Work request >> Could you copy out all the lines in the material below where the word "View" occurs?

[Data supplied]

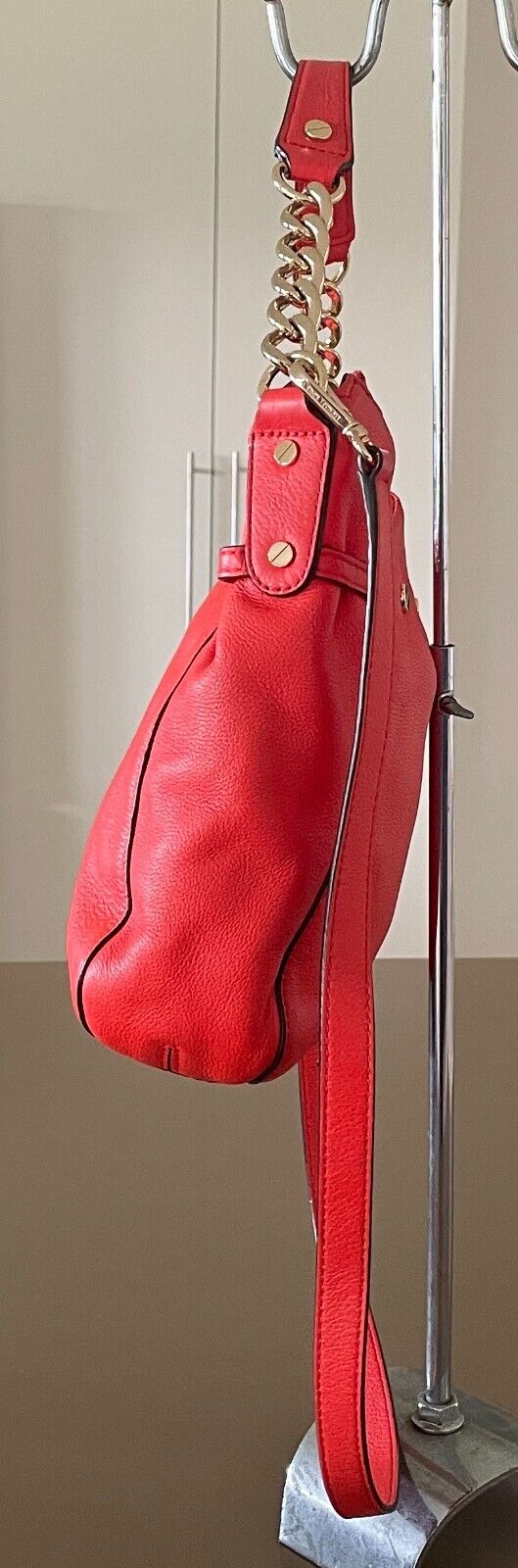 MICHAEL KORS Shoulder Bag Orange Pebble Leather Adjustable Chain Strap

[/Data supplied]
[Data supplied]

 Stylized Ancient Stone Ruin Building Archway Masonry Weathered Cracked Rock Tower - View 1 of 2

[/Data supplied]
[Data supplied]

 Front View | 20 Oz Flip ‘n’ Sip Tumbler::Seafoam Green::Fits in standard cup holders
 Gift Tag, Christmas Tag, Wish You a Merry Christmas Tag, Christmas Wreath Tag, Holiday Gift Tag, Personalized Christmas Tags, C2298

[/Data supplied]

Response to the exercise >>
 Stylized Ancient Stone Ruin Building Archway Masonry Weathered Cracked Rock Tower - View 1 of 2
 Front View | 20 Oz Flip ‘n’ Sip Tumbler::Seafoam Green::Fits in standard cup holders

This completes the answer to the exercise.